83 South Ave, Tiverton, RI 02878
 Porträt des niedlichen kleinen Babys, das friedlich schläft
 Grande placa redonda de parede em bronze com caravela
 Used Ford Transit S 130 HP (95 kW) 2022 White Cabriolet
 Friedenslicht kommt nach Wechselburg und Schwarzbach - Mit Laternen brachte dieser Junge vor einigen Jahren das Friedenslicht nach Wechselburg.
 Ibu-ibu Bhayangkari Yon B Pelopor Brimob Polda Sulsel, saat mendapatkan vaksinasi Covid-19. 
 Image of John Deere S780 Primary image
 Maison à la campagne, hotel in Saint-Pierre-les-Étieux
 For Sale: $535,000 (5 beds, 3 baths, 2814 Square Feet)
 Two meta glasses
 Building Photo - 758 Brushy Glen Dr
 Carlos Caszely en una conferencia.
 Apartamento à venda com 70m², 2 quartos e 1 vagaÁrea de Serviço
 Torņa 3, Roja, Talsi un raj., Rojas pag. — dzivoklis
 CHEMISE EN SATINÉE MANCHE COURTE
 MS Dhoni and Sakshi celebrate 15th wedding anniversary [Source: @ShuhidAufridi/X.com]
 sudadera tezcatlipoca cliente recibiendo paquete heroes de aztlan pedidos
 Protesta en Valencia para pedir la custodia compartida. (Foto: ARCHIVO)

# TASK ITEM
Nothing but the lines from the one with "CHEMISE EN SATINÉE MANCHE COURTE" through the final line of the data belongs in the answer, and they must match exactly.

# RESPONSE BELOW
 CHEMISE EN SATINÉE MANCHE COURTE
 MS Dhoni and Sakshi celebrate 15th wedding anniversary [Source: @ShuhidAufridi/X.com]
 sudadera tezcatlipoca cliente recibiendo paquete heroes de aztlan pedidos
 Protesta en Valencia para pedir la custodia compartida. (Foto: ARCHIVO)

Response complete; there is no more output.